HIGH HOLY DAYS THEME & CALL FOR PARTICIPATION
A message from Rabbi Jennifer Clayman, our rabbi for this year’s High Holy Days
“Take Your Measure”
This year’s High Holy Days theme is the cultivation of middot. Middot can be translated as “character virtues” or “qualities,” or (maybe my favorite) “soul-traits.” Traits such as authenticity, calm, equanimity, passion, exuberance, humility, generosity, wholeness, honesty, respect, integrity, kindness, and love—and dozens more. The word middah (singular of middot) literally means a measurement. Middot are measures of our character. The High Holy Days are a good time to take the measure of our soul-traits, and choose one to work on in the coming months.
A couple of years ago, I read NYT columnist David Brooks’ The Road to Character.
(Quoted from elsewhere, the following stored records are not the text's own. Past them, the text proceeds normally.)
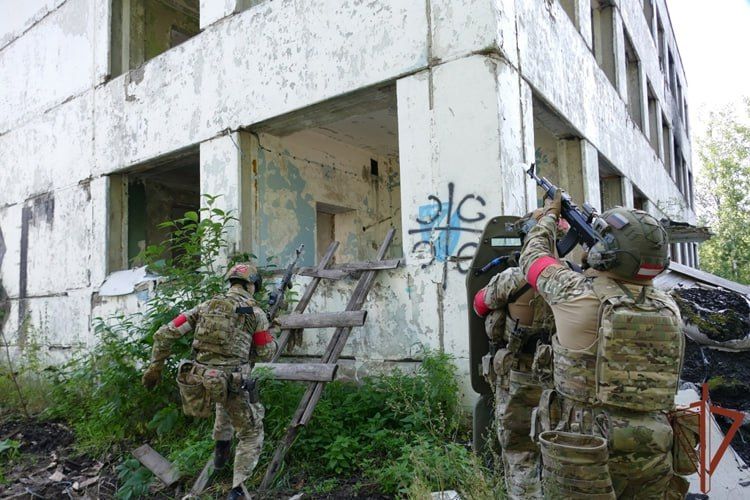 Росгвардия приняла участие в тактико-специальном учении в Томской области Росгвардия приняла участие в тактико-специальном учении в Томской области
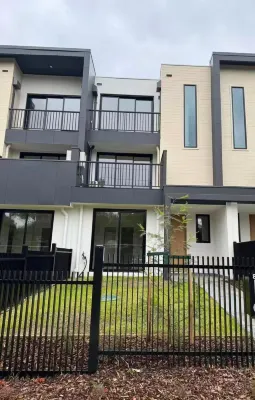 Sunny Nook Townhouse by Mooroolbark Train Stop Ground Floor Self Check-in Hotel a 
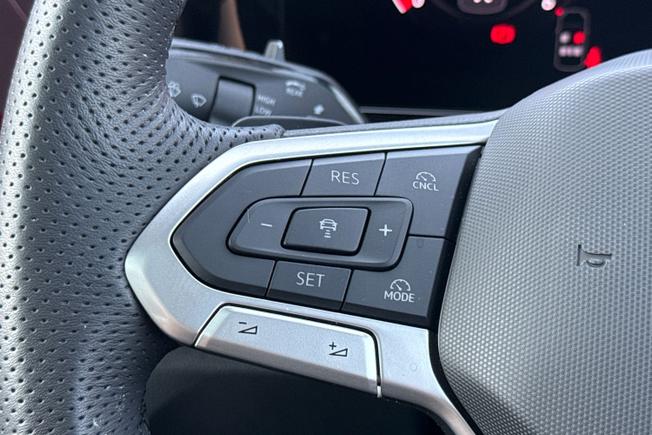 VOLKSWAGEN Tiguan Photo 16
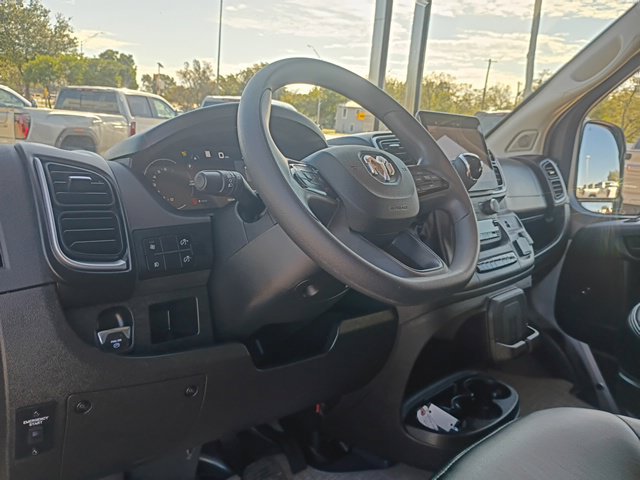 Used 2024 RAM ProMaster 3500 w/ Storage Group FWD image 9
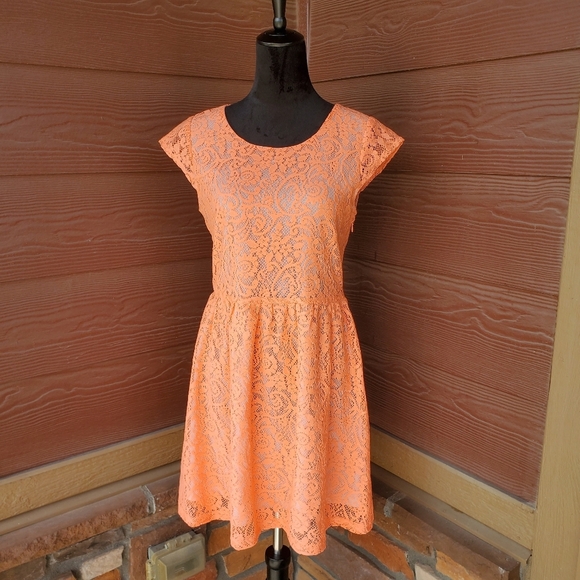 StitchFix Skies Are Blue Coral Orange Lace Skater Mini Dress Size Medium EUC - Picture 1 of 16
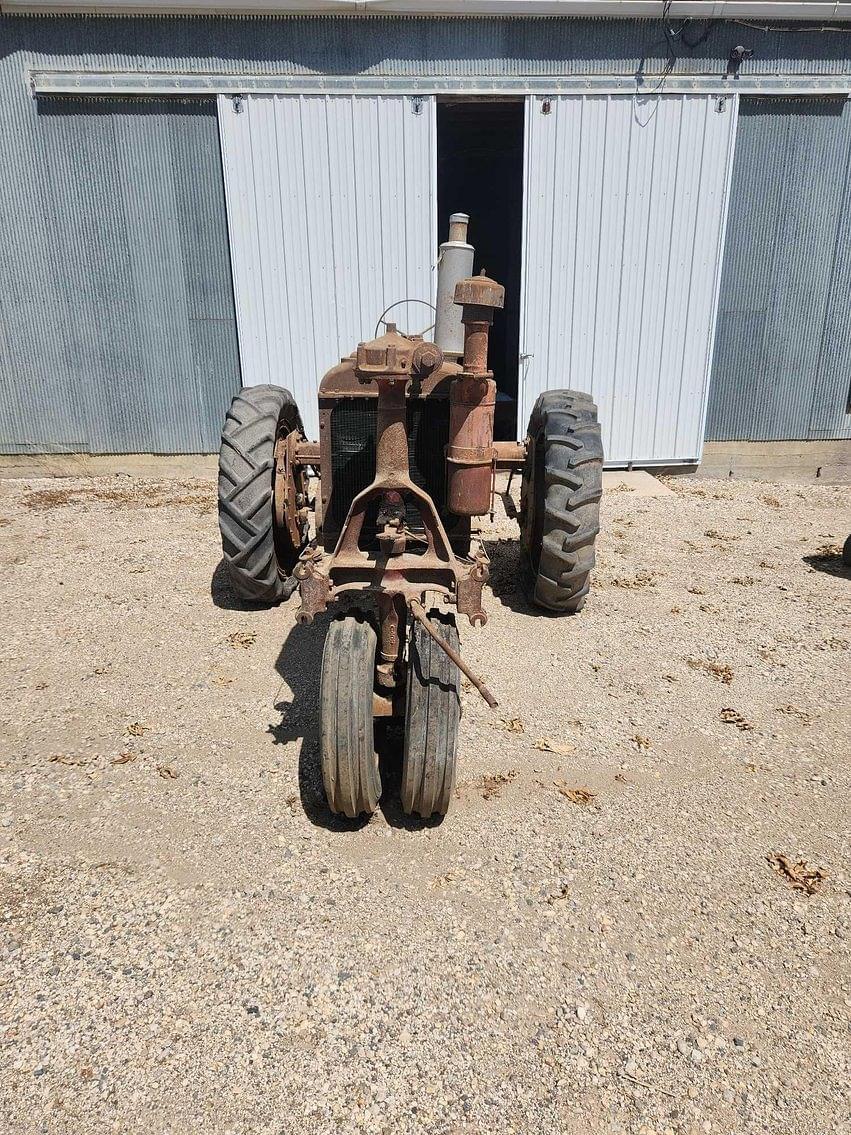 Image of Farmall F-20 Primary image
He begins the book (riffing on Rabbi Joseph Soloveitchik) with a comparison of two different kinds of virtues—”resume” virtues and “eulogy” virtues. Resume virtues are our accomplishments—how successful we are, how much money we make, how many awards and accolades we’ve received. Eulogy virtues are the qualities we want to be remembered for. They are harder to quantify: kindness, compassion, the quality of our relationships with others. Our society, says Brooks, emphasizes the development of resume virtues. But, he argues (and I agree), the eulogy virtues are ultimately more important. So how do we develop these?
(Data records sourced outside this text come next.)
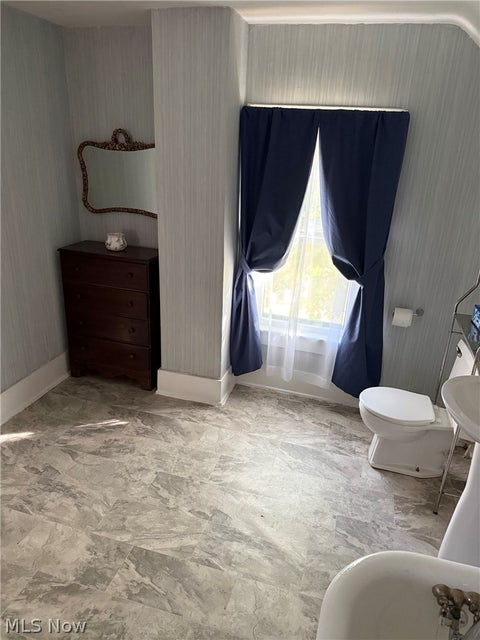 Tiny photo for 233 Westwood Avenue, Akron, OH 44302 (MLS # 5254814)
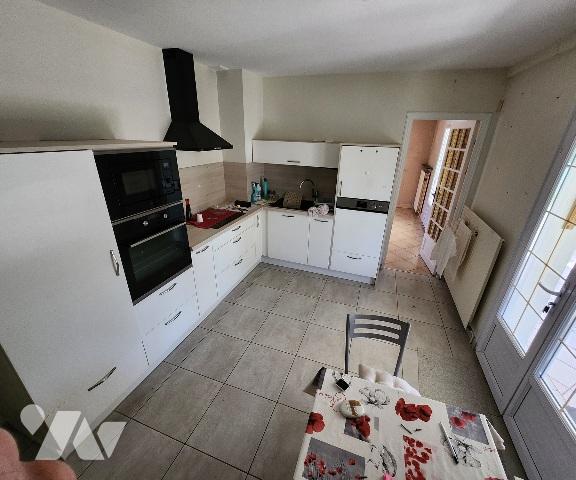 Maison sur 3 niveaux avec jardin et véranda.
grand rivet 49130 les ponts de ce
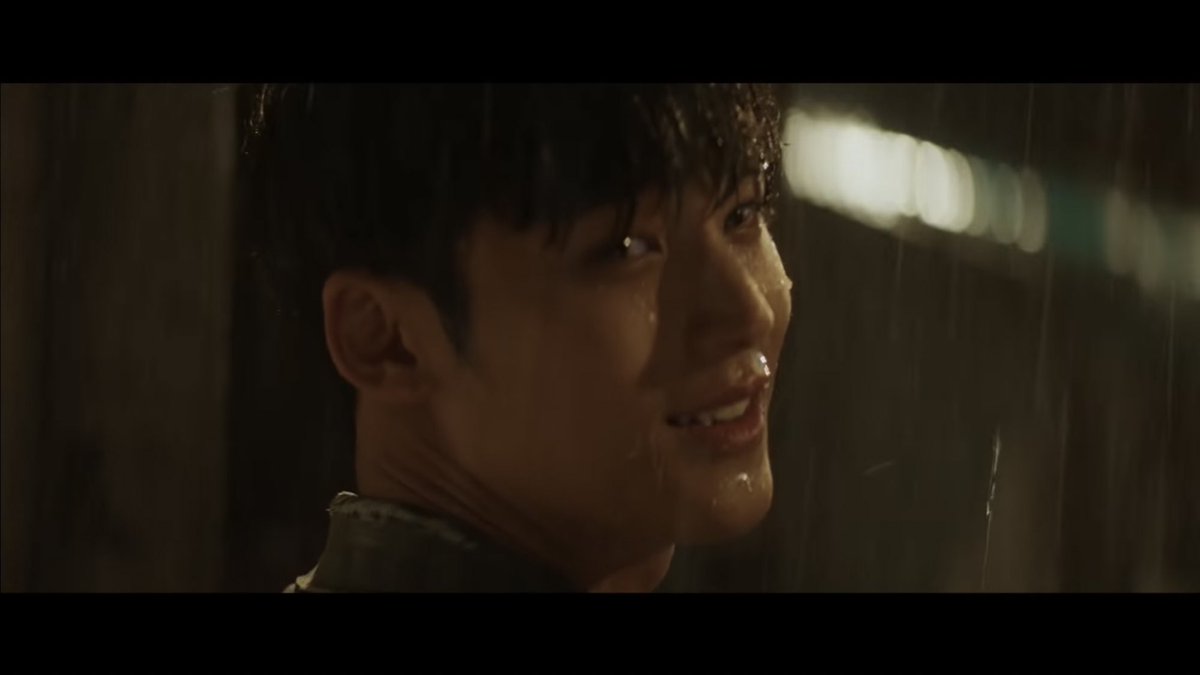 akitasoundinomg's tweet image. "hiding the truth, pretending i'm fine. i'm hiding in the rain, always smiling"

ARAY :"") MINGYU :")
Middot as a Practice for Bringing Holiness and Healing to the World
An old Jewish tradition called Mussar focuses on the development of middot. The Mussar tradition is predicated on an ancient Jewish idea—that human beings are supposed to be, and do, good. That’s what we’re here for. To leave the world better than it was when we arrived. I know that many of us feel that things in the world around us are getting worse, not better. But through our own spiritual work, we can bring holiness and healing into the world. (You’ll probably hear me say this a lot.) If I am dismayed at the hatefulness I see around me, I can work to decrease the hatefulness in my own heart. If I see arrogance around me, I can work on my own humility. The Buddhist teacher Jack Kornfield says, “In one way, our most radical political act is a change of heart.” This doesn’t mean we should only focus on ourselves, but the holidays are a good time to take the long view, and the optimistic view, that each changed heart will lead us all to a better place.
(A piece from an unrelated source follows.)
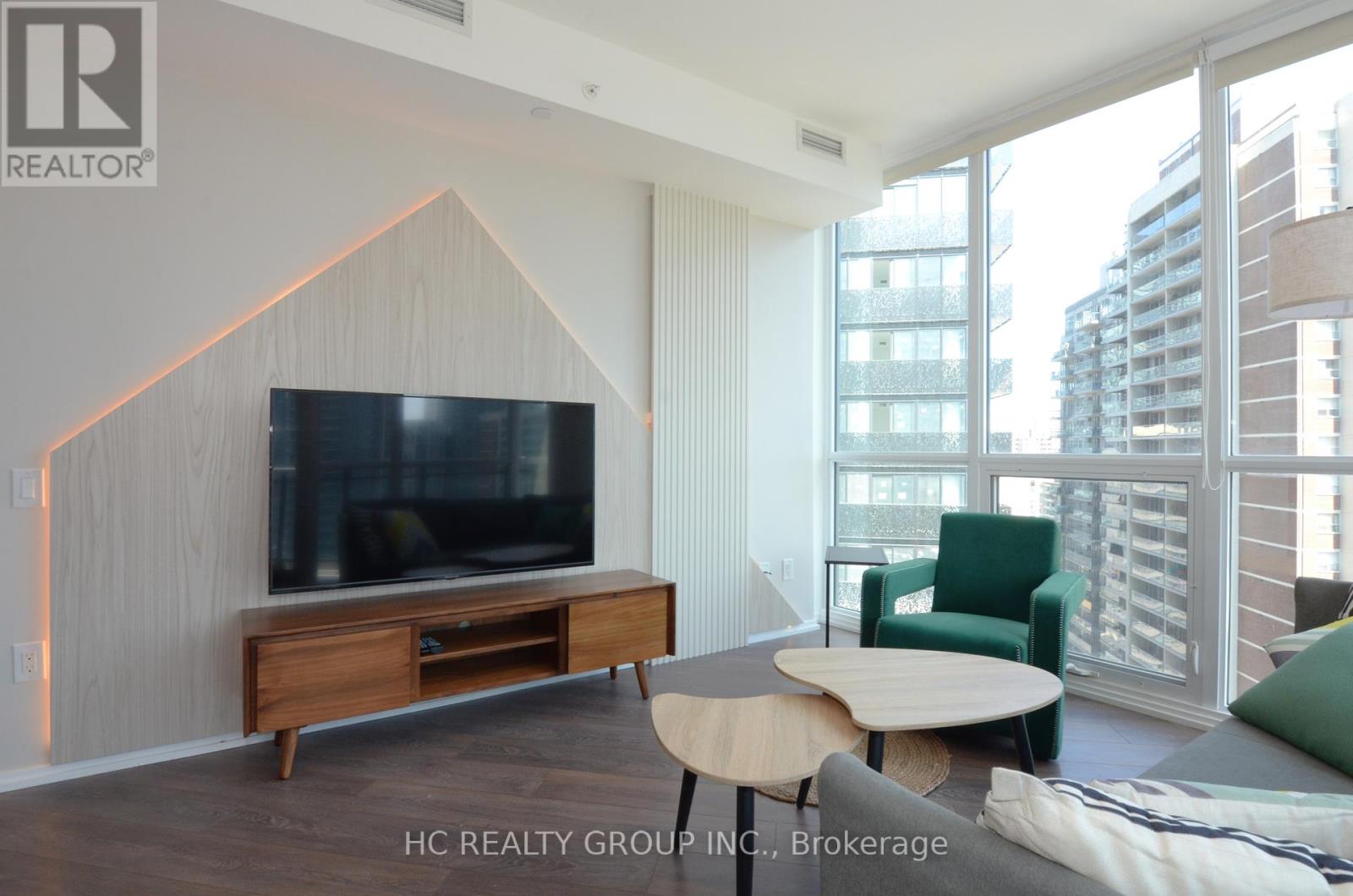 1815 - 45 Charles Street, Toronto, Ontario  M4Y 1S2 - Photo 2 - C12021652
Come and Participate in Rosh Hashana and Yom Kippur Services
I’ll share some Mussar practices throughout the holidays—and perhaps, if you have your own Mussar or related practice, you can share your past work, insights, and inspiration from others. Shir Hayam High Holy Days planners and myself are looking for readings, poems, songs, stories, and other acts of participation that can address this theme in a moving way. If you have an offering to share at services, please contact Dee Axelrod (email@example.com) by September 12, and she will forward me your ideas.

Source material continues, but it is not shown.